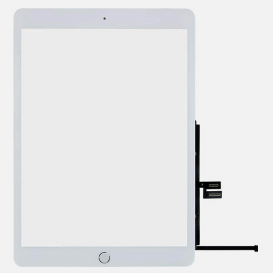 Vetro touch screen per iPad 9a Generazione 10.2" bianco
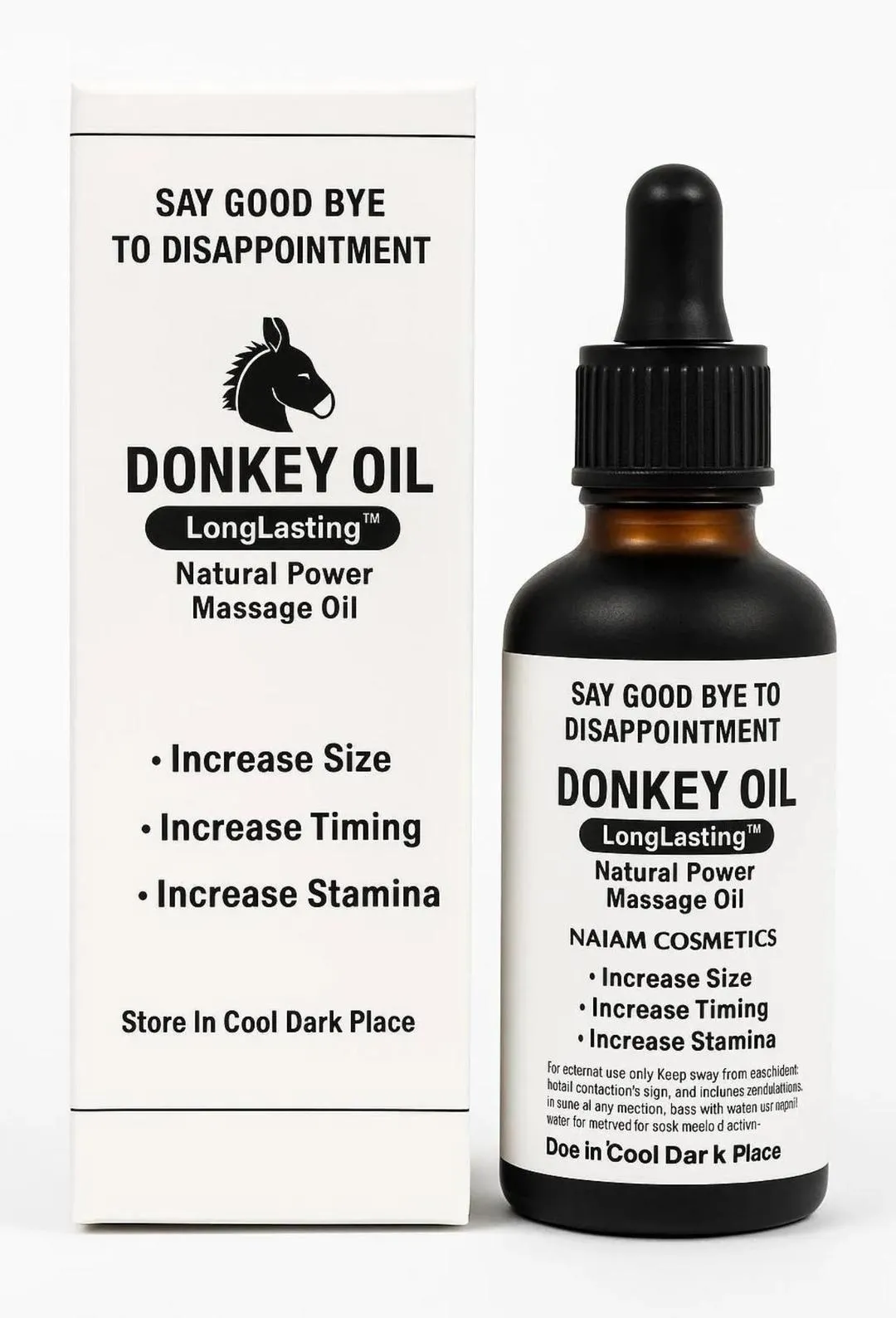 Donkey Body Oil - 30ml 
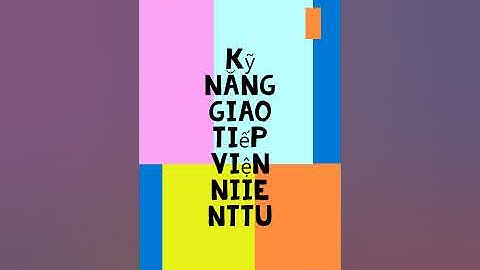 Kỹ năng giao tiếp-Giới thiệu bản thân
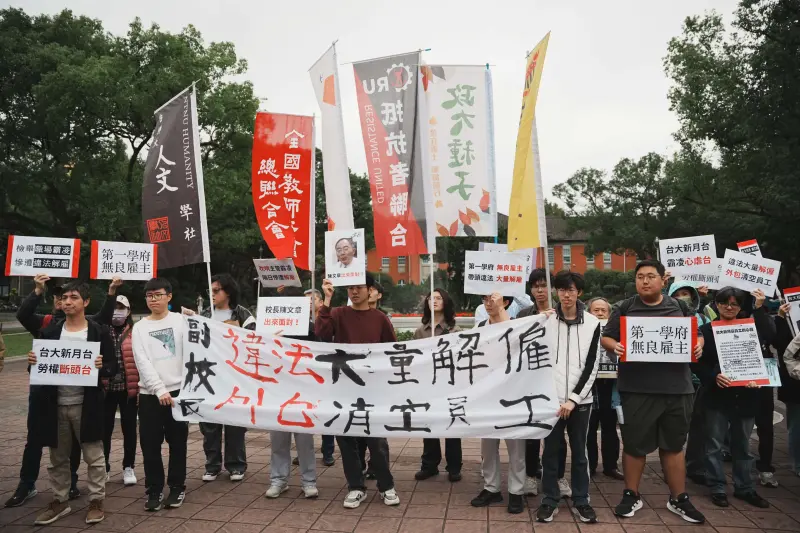 台大校內商店爆勞權爭議　工會批勞權斷頭台、校方澄清已啟動調查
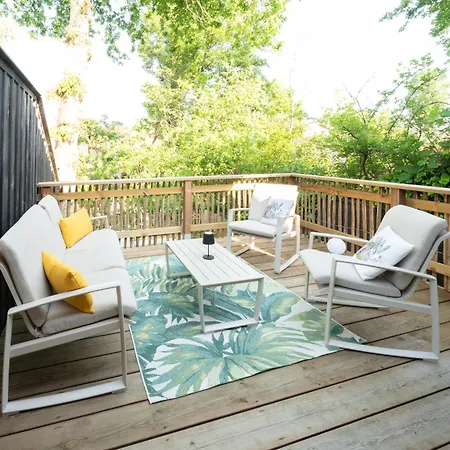 Maisons Pontlac, 2 Maisons Reliees En Bord De Canal A Cazaux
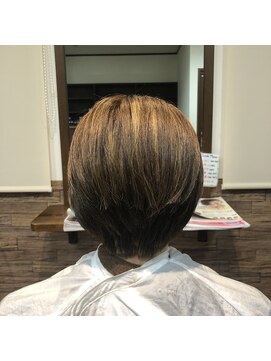 アモンド(Amonde) 大胆イメチェンショートグラ☆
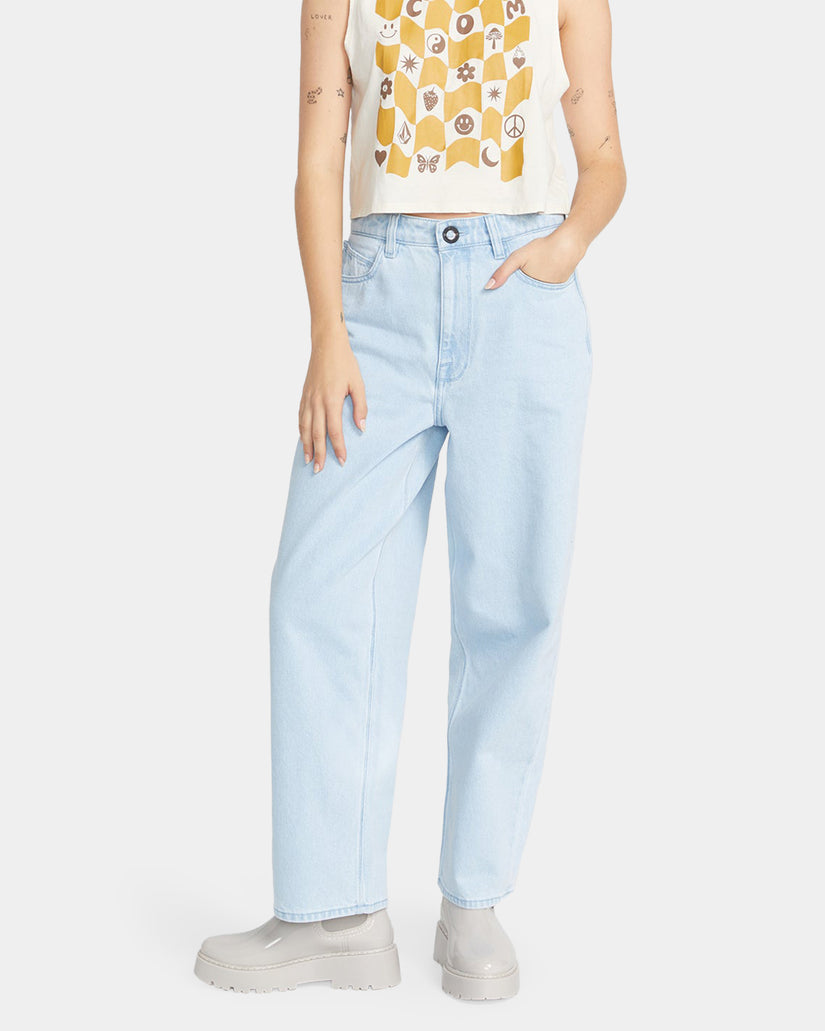Womens Weellow Denim Jeans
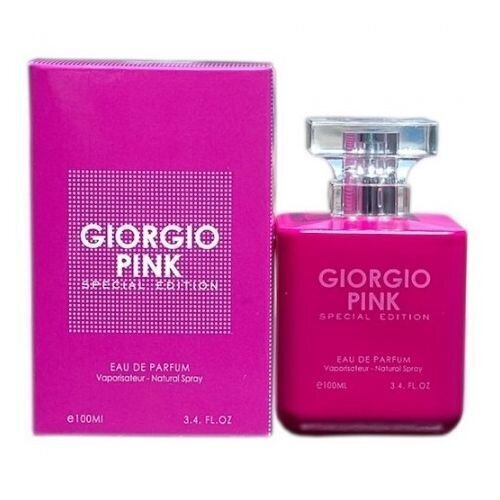 Naiste parfümeeria Giorgio Group Pink EDP 100 ml цена и информация | Parfüümid naistele | hansapost.ee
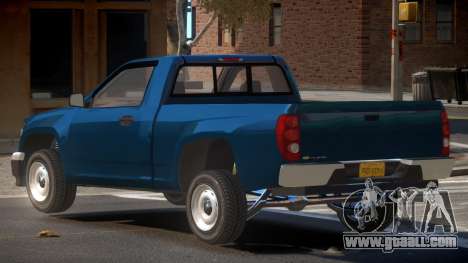 Chevrolet Colorado ST for GTA 4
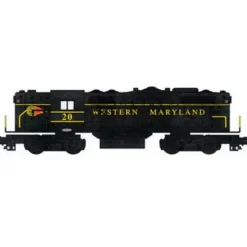 Williams 21450 Western Maryland GP9 Powered Diesel Locomotive - Model Train Junction: Quality Parts and Art Supplies Best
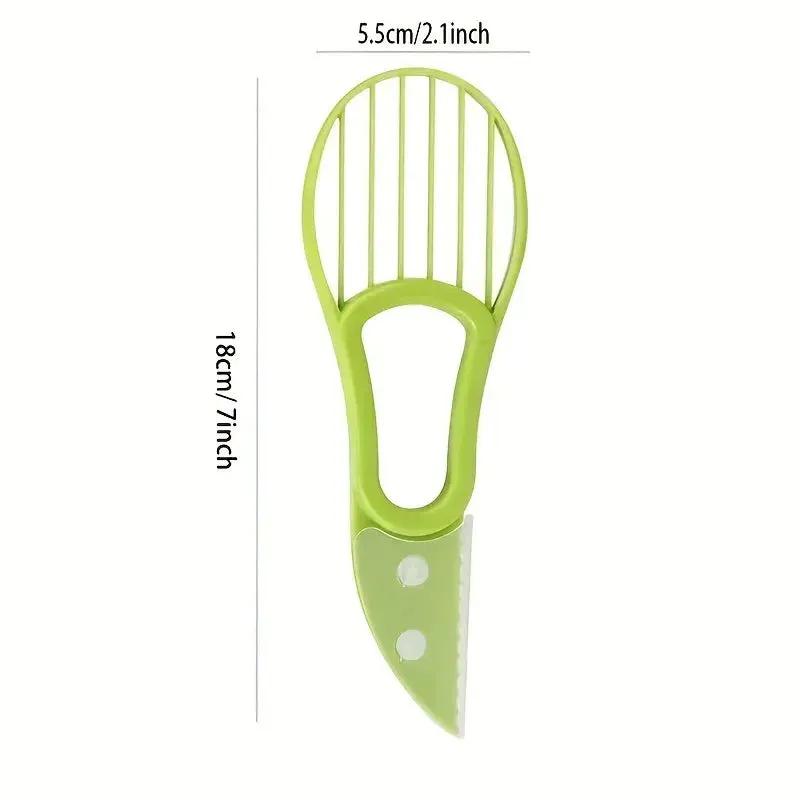 Avocado Peeler - 3-in-1 Plastic by House Of Avana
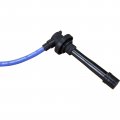 Dragon Fire Performance 8 5mm Blue Ignition Spark Plug Wire Set For All 1992-2002 Acura Honda Integra Civic B-series V-tech 6l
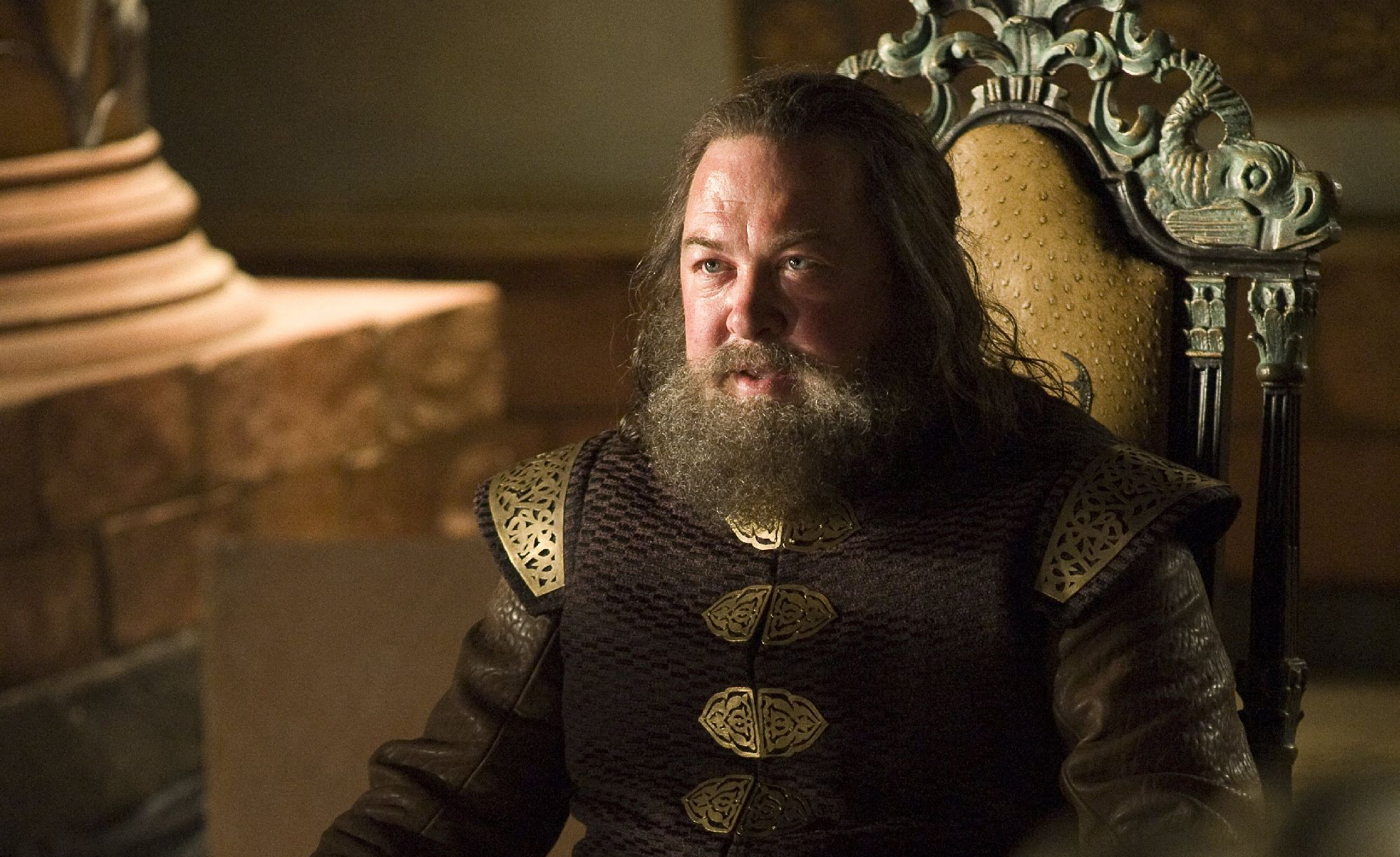 Robert Baratheon from Game of Thrones HD Wallpaper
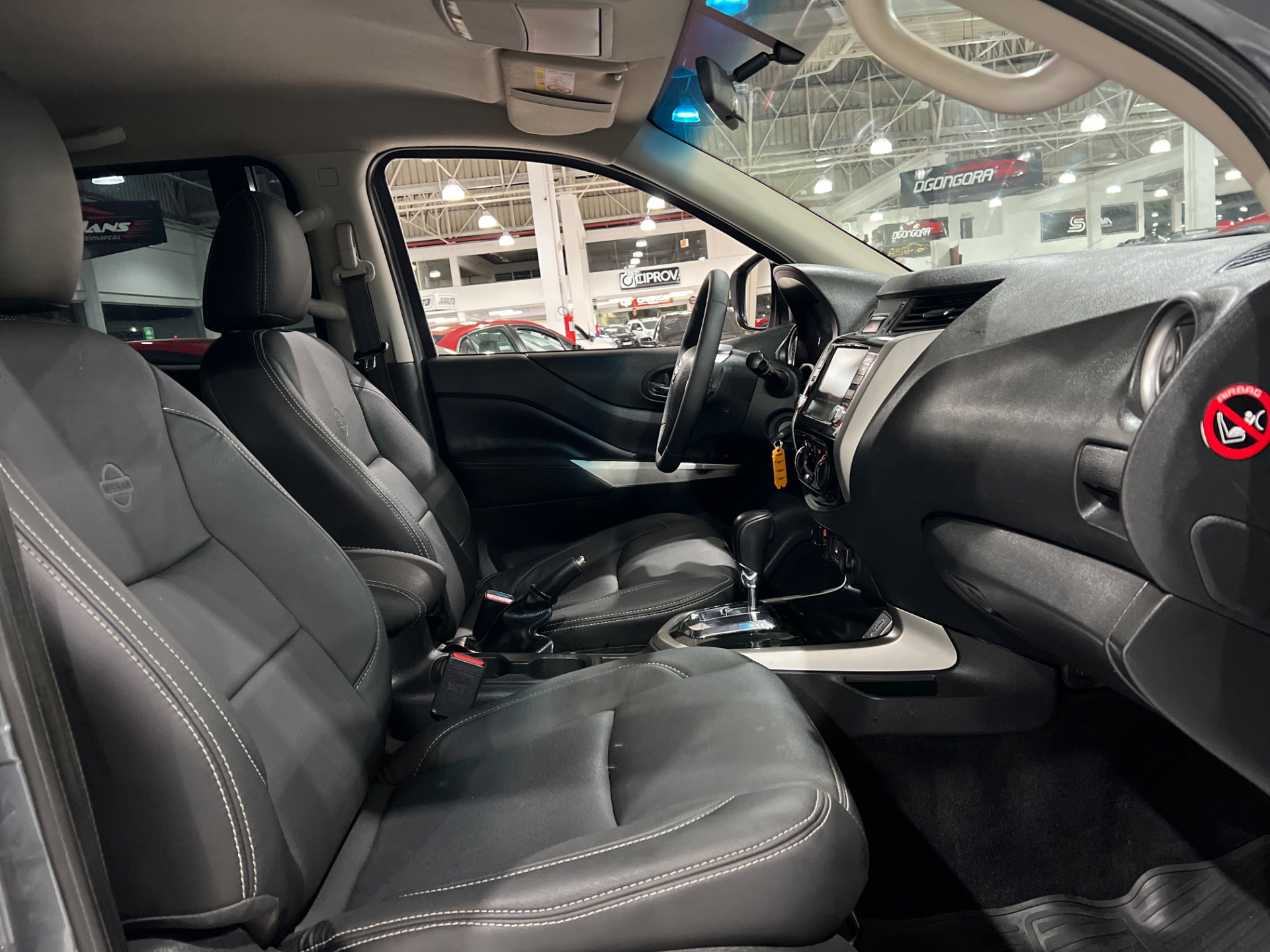 nissan frontier attack 2.3 diesel at cd 4x4 2021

◇ ◇ ◇ ◇ ◇

Task brief:
Pictures excluded, transcribe the listing above exactly from the line with "アモンド(Amonde) 大胆イメチェンショートグラ☆" through the line with "Williams 21450 Western", and no further.

Response:
 アモンド(Amonde) 大胆イメチェンショートグラ☆
Womens Weellow Denim Jeans
 Naiste parfümeeria Giorgio Group Pink EDP 100 ml цена и информация | Parfüümid naistele | hansapost.ee
 Chevrolet Colorado ST for GTA 4
 Williams 21450 Western Maryland GP9 Powered Diesel Locomotive - Model Train Junction: Quality Parts and Art Supplies Best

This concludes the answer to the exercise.